Nordic countries have the highest levels of social trust in the world. This benefits both the economy and individuals and society as a whole, according to a new report from the Nordic Council of Ministers. But now threatened by immigration, then the trust among people born outside Europe is particularly low.
The Nordic societies tops the list of social trust in the world. The Nordic trust is not only unique but very valuable.
The Nordic Council's Secretary General Dagfinn Høybråten explains to echo that it indeed is a "gold mine". This is also the title of the new report: "Trust - Nordic gold".
When communities have high levels of social trust, they serve namely better and need such as not to waste resources on ensuring that agreements are enforced, they do anyway. A society with less reliance requires more bureaucracy and control.
According to the Nordic Council of Ministers, the economic growth of a country to rise by half a percentage point of social trust increases by ten percentage points, writes echo.
But the strange Nordic confidence threatened by immigration.
As far as immigrants are particularly low confidence among people born in countries outside Europe, the SOM Institute's research report "interpersonal trust builds good communities" previously shown. Except Europeans have dominated immigration to Sweden in recent decades.
According to the Nordic Council's new report is particularly serious if confidence in the Nordic countries is decreasing.
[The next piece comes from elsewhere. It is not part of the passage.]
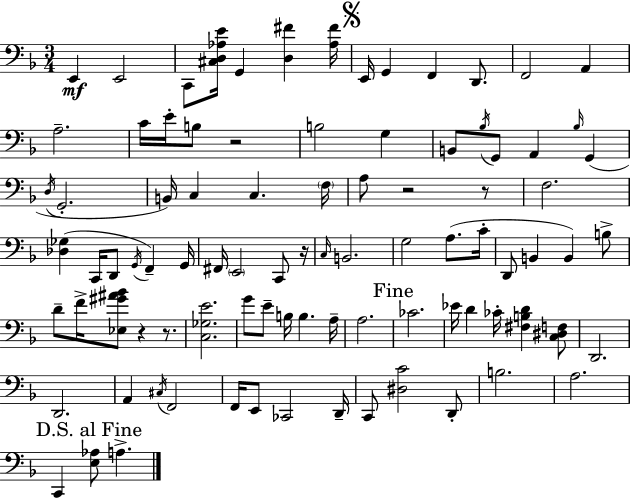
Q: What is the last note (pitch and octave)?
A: A3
This is because the Nordic welfare societies are built on the high trust.
- We are citizens who come from other cultures where they can not take the same level of trust for granted. To ensure good integration is crucial for us to maintain the high trust and good values in the future, says the Nordic Council Dagfinn Høybråten to echo today.
The Nordic Council's report, which calls immigration a "challenge", states explicitly that homogeneous communities have more social trust:
"The Nordic countries had a general welfare state that avoided the creation of the classes in society have had a positive impact on social trust. It is generally the case that communities with homogenous population, not least in economic terms, have better conditions for high social trust. Scientists has expressed it as 'the more similar others are to yourself, the more you tend to trust them.' "
"This applies particularly in respect of income equality, but also to some extent linguistic and ethnic equality," the report clarifies.